El pasado 4 de febrero un total de 369 inmigrantes asiáticos y subsaharianos fueron localizados en el barco «Marine I», que se averió en aguas internacionales cuando se dirigía a Canarias. Fue descubierto por un avión de reconocimiento español. Desde entonces, el futuro de los ilegales no ha dejado de ser incierto debido a la falta de voluntad de países como Mauritania, Guinea Bissau y Cabo Verde para solucionar el conflicto y a una compleja situación burocrática que dejará en el aire durante unos meses el futuro de los inmigrantes.

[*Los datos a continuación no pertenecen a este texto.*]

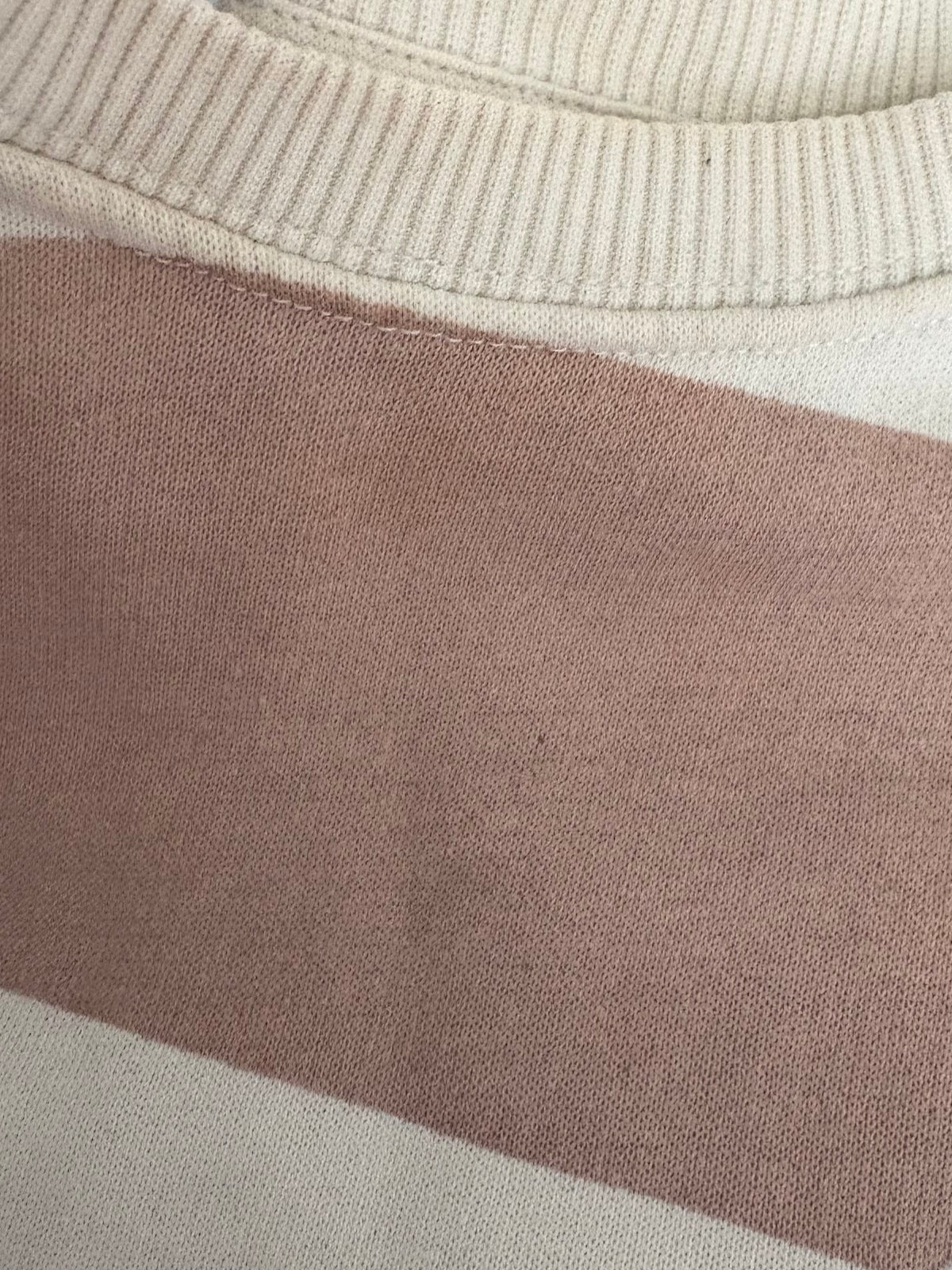 *Imparfait-Zara/Disney-Crewneck-5T
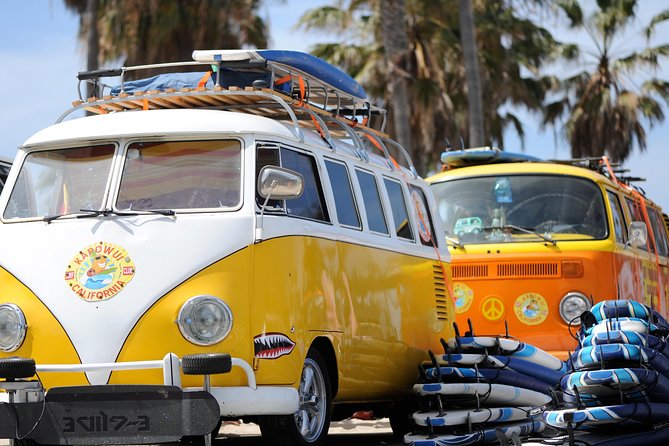 2-Hour Surf Lesson in Santa Monica - The 2-hour flow: from beach mechanics to riding with an instructor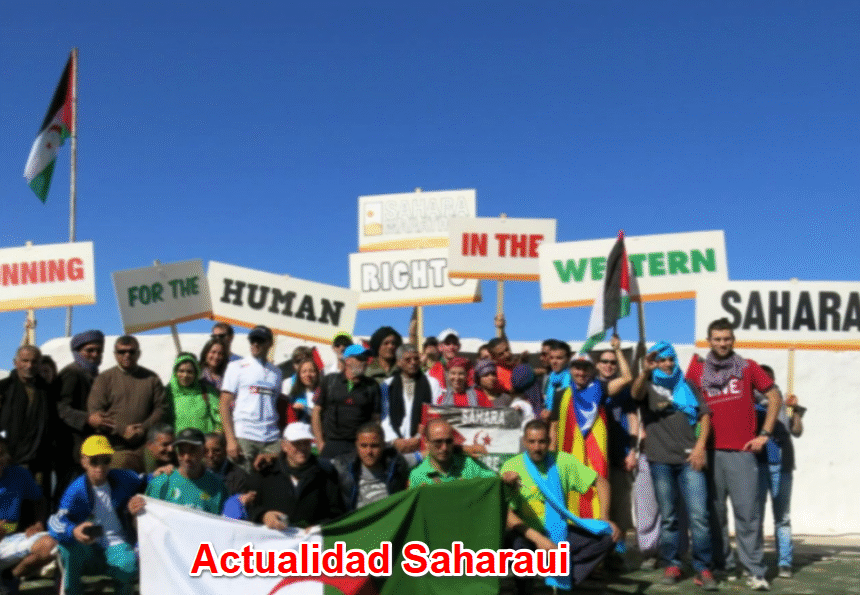 SÁHARA OCCIDENTAL, hoy – 14 de febrero de 2026 | Um Draiga, autonomía, diplomacia africana y frente militar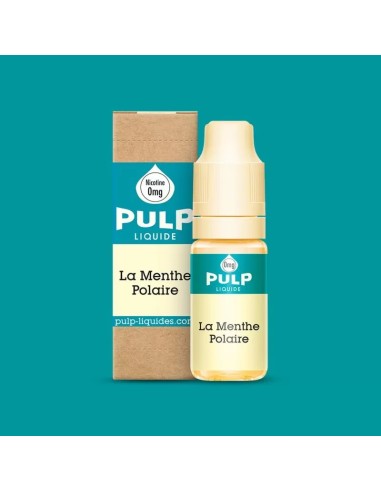 LA MENTHE POLAIRE PULP 10 ML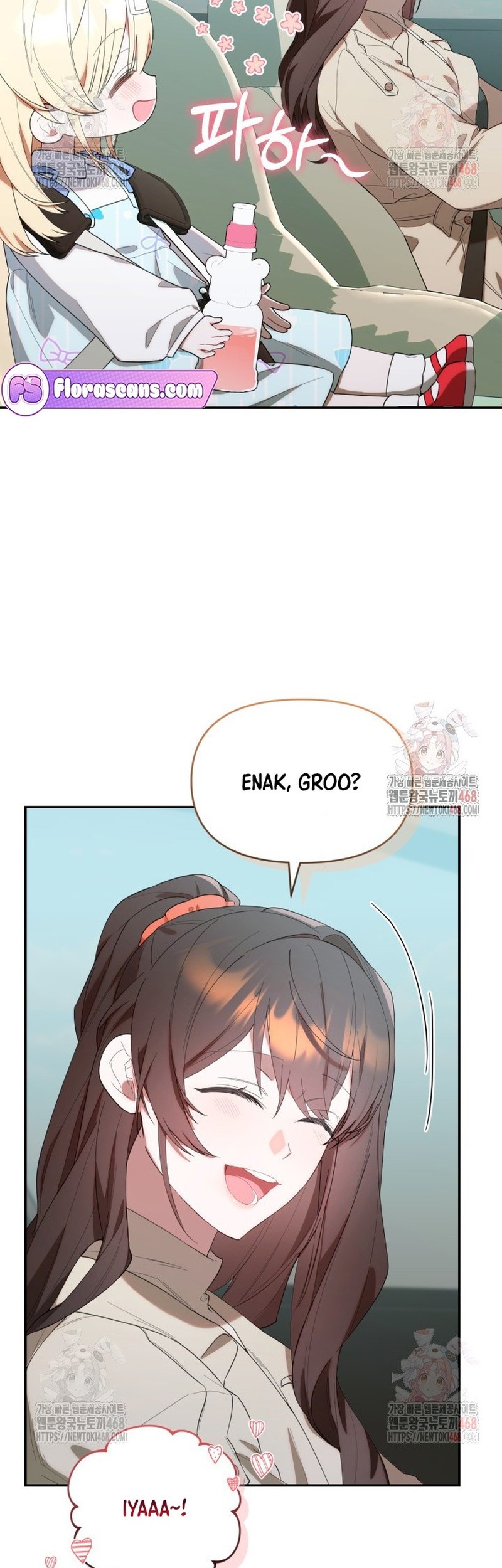Chick Class Hunter is Being Filial! Chapter 35 - halaman 3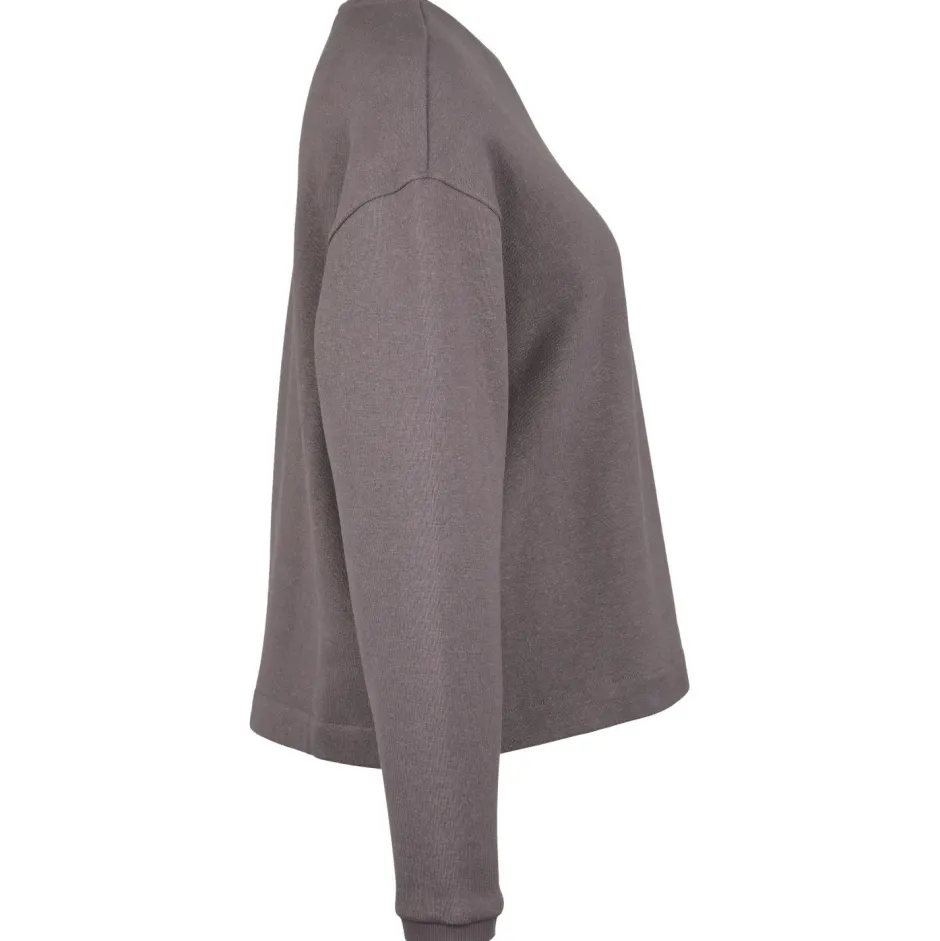 Stoic - Woen' XX. Kua ooe Fit Crew Neck - Puover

Mientras el Gobierno de Rodríguez Zapatero ha asumido, finalmente, averiguar el origen de los inmigrantes que rechace la India, las relaciones entre España y los países africanos afectados por la llegada de estos ilegales sigue siendo caótica. Las autoridades mauritanas han exigido sacar el barco de su puerto con unos modos inadmisibles para un país supuestamente amigo. Mauritania ha actuado con una desconfianza rayana con la ofensa al Estado español.

Lo cierto es que todavía quedan 299 inmigrantes en Mauritania a la espera de confirmar su origen y su posterior repatriación. El peso de España en la política de inmigración y, más en concreto, con sus aliados africanos, ha quedado en entredicho, poniendo de relieve un escaso entendimiento y poca cooperación, en perjuicio de los varios centenares de ilegales de los que se desconoce, en muchos casos, hasta su procedencia. Es cierto que la situación es compleja, pero resulta sorprendente y lamentable la falta de efecto de todos los acuerdos firmados este año con países de Àfrica para ayudar a España en temas de inmigración. Los acuerdos conllevaron inversiones millonarias por parte del Gobierno español. A la hora de la verdad, cada uno ha tirado por su lado, obviando la tragedia de los inmigrantes.

Pero España no puede estar sola ante la inmigración ilegal. La Unión Europea debe darle el mayor respaldo posible en la vigilancia de las fronteras del sur y en los misiones de ayuda humanitaria.